Assignment:
When you write out the listing below, keep each word exactly as it stands and drop the pictures.

Data:
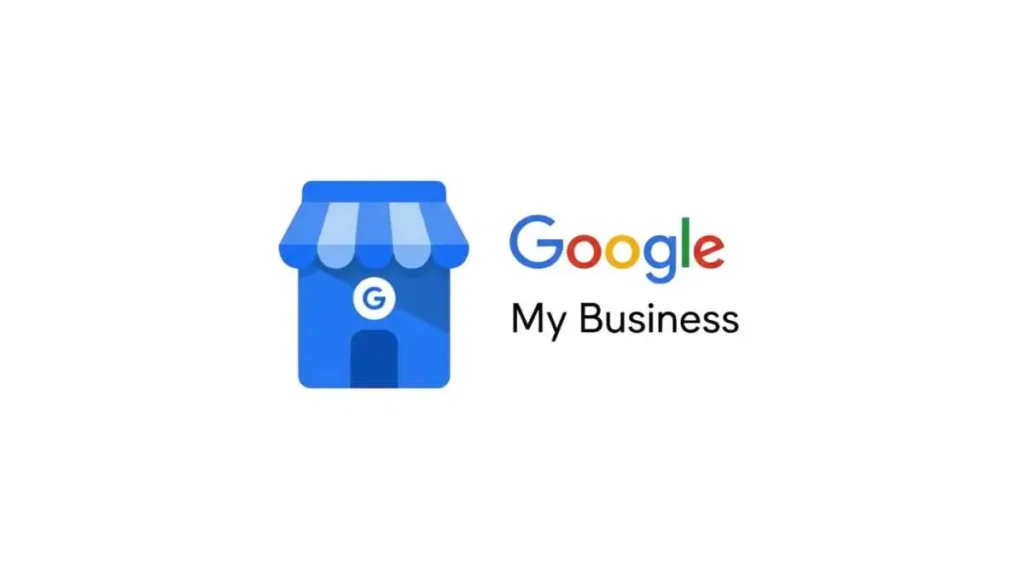 Google My Business Optimization Service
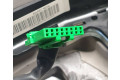 Volant Volvo S80 2008 PV55188020  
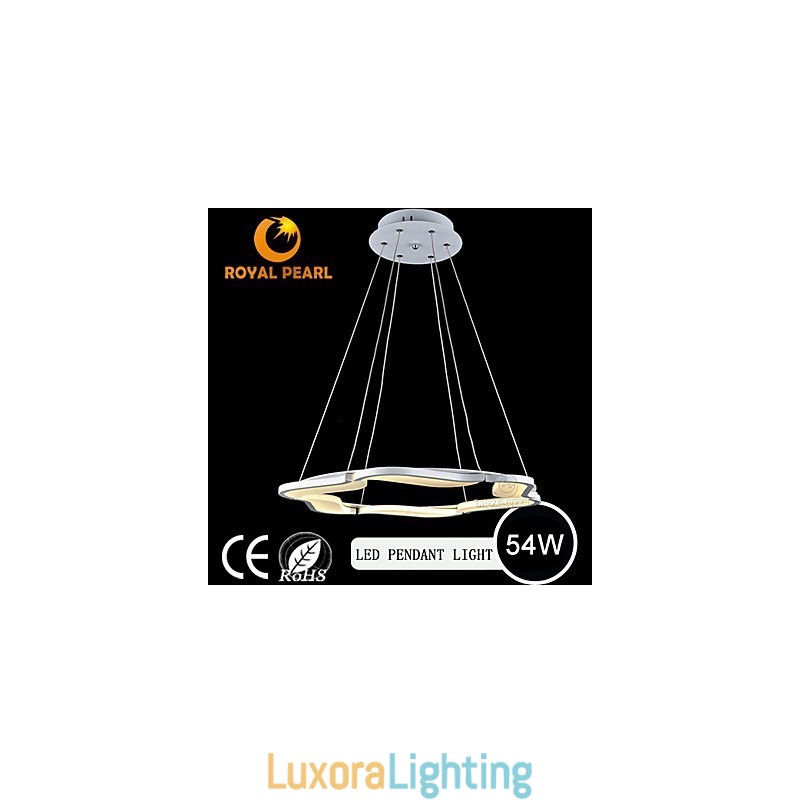 Designer Touch Decorative Approved Pendant Lighting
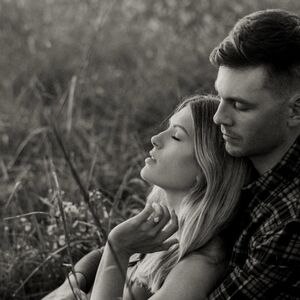 Gallery Photo 41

Result:
 Google My Business Optimization Service
 Volant Volvo S80 2008 PV55188020  
 Designer Touch Decorative Approved Pendant Lighting
 Gallery Photo 41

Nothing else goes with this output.